This being a story about my family, it’s possible, even likely, that I’ve written it all before. But something new showed up today, so I’ll repeat myself to give context.

My sister was browsing through ancestry.com, and found a draft registration card for my Spanish grandfather. This was 1917 or 1918, and he was in America, so I’m not sure why he had to register, but that just shows my ignorance. I can’t reproduce the document here … well, I’m not going to try, anyway, I didn’t pay the website so hands off it is. But I can describe what it says.

Outside of the signature, I think someone else filled out the form … and perhaps there was a translator, as well, I don’t know if my grandfather spoke much English in 1917.

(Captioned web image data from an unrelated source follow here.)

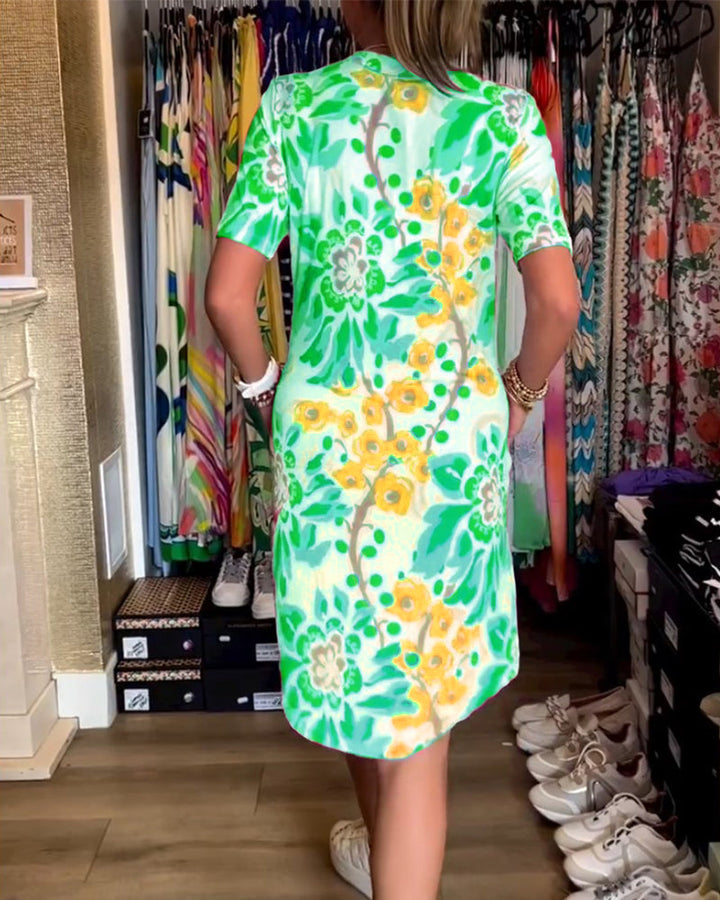 Drune | Frauen Blumenmuster Kleid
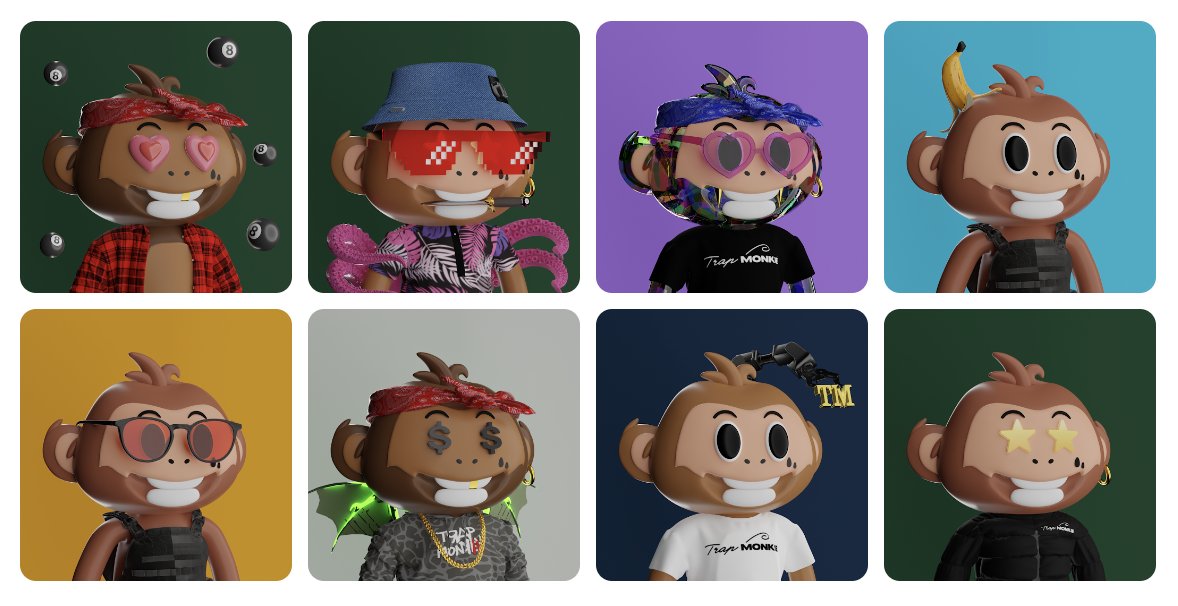 TrapMonkie's tweet image. 🏆 TrapMonkie NFT Giveaway 🎉🐒

🍌 Join Discord: discord.gg/GfKE9ZU9Kn
🍌 Follow @TrapMonkie
🍌 RT + TAG 3

#TrapMonkie #FREEMINT #NFT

At the top is his name, listed as Miguel Rubio Pena (no tilde, which is one reason I think someone other than my grandfather was writing). He already lived in Antioch. He was 35 years old, white (there were five choices, including Negro, Oriental, and two Indians that I can’t quite make out). He was an alien … it’s interesting, his country is listed as Espana (no tilde again), not Spain. He was a laborer in a factory (can’t read the name), and was married to Francisca EsPinosa (first name misspelled, “Es” added after the fact, one more piece in the he-didn’t-fill-it-out puzzle). At the bottom is his signature, and the handwriting matches another document I have with his signature, so it’s him this time. And his name is spelled with a tilde at last, Miguel Rubio Peña. (He was listed on the ship’s manifest for their voyage to California as “M.R. Peña.”)

That last word is interesting, because in the other signature I’ve seen, he signed his name simply Miguel Rubio. His tombstone reads “Rubio” as well (and the year of birth on the tombstone is 1884, while it’s 1882 on the draft card).

OK, that’s the new-to-us stuff … thanks to my sister for digging it up. Now comes the part where I tell an old story about my name.

Here’s how legend has it. My older brother’s middle name came from my mother’s side of the family, so when I was born, it was my dad’s turn. The story I was told, which is probably apocryphal, is that my mom called her mother-in-law on the phone and asked for her maiden name. My grandmother never lost her thick accent when speaking English, and whatever she said, my mom didn’t understand her but was embarrassed to ask her to repeat herself. So she guessed, and that’s why my middle name is Penner, a name that no one else in the family has ever had, far as I know.

The story never made a lot of sense … for one thing, my grandmother’s maiden name was Espinosa, and I don’t know how you get from that to Penner, no matter how hard it was to understand Grandma. But this Peña thing makes sense. My wife was the first one to figure this out, some years ago, and more and more I think she was right. My middle name is a jumbled English version of Peña.

Robin thinks I should have my name legally changed to Steven Peña Rubio, but that seems like a lot of trouble, just as it seemed like a lot of trouble when I thought perhaps I could apply for dual American/Spanish citizenship. So I’ll probably die with the middle name Penner. But I’ve always hated that name ... maybe someday.